Standalone Tagged Values
You can also define tags that are not part of any stereotype definition. The modeler adds the values of such tags to instances of the UML model elements that the tags extend.
For example, let's define two tags that extend the UML metamodel's Operation element. The first tag, named isTx indicates whether an operation is transactional, that is, whether it is necessary to roll back any state changes the operation makes if it is not completed successfully. This is an appropriate specification for a model at this abstraction level, even though at this level we do not specify the mechanism used to ensure transactional integrity.
The second tag, named isIdempotent, indicates whether an operation is idempotent, that is, whether it is benign to execute the operation more than once.
If you're not familiar with the concept of idempotency, consider a clustered, distributed infrastructure that seeks to recover gracefully from system failure by failing over to another system that resumes processing. Such a system can make good use of an idempotency indicator on operations. In certain situations it can be very expensive for the infrastructure to keep track of whether an operation that was in progress when failure occurred ever finished executing and thus whether the infrastructure needs to reexecute the operation automatically when fail over recovery occurs.
If an operation is marked as idempotent, a smart infrastructure does not pay the price to ensure that it knows, upon fail over, whether the operation has actually executed or not—it simply invokes the operation, knowing that if it executes a second time, no harm is done. It is appropriate to specify idempo-tency at our platform-independent abstraction level because it is a characteristic of the fundamental logic of the operation irrespective of whether the implementation platform is EJB, .NET, and so on.
Figure 6.2 encodes concrete values of the isTx and isIdempotent tags as part of operation declarations.
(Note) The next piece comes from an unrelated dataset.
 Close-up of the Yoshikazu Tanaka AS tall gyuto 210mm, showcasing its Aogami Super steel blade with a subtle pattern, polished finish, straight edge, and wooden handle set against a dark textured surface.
Note that it's permissible to encode more than one tagged value within the curly braces and that a comma delimits the two values.
The ProcessInvoices operation is idempotent because it only handles unprocessed invoices. If it executes when all invoices have already been processed, it detects that there are no unprocessed invoices and does nothing else. This rule holds regardless of the middleware implementation platform and thus is appropriately manifested in the platform-independent model.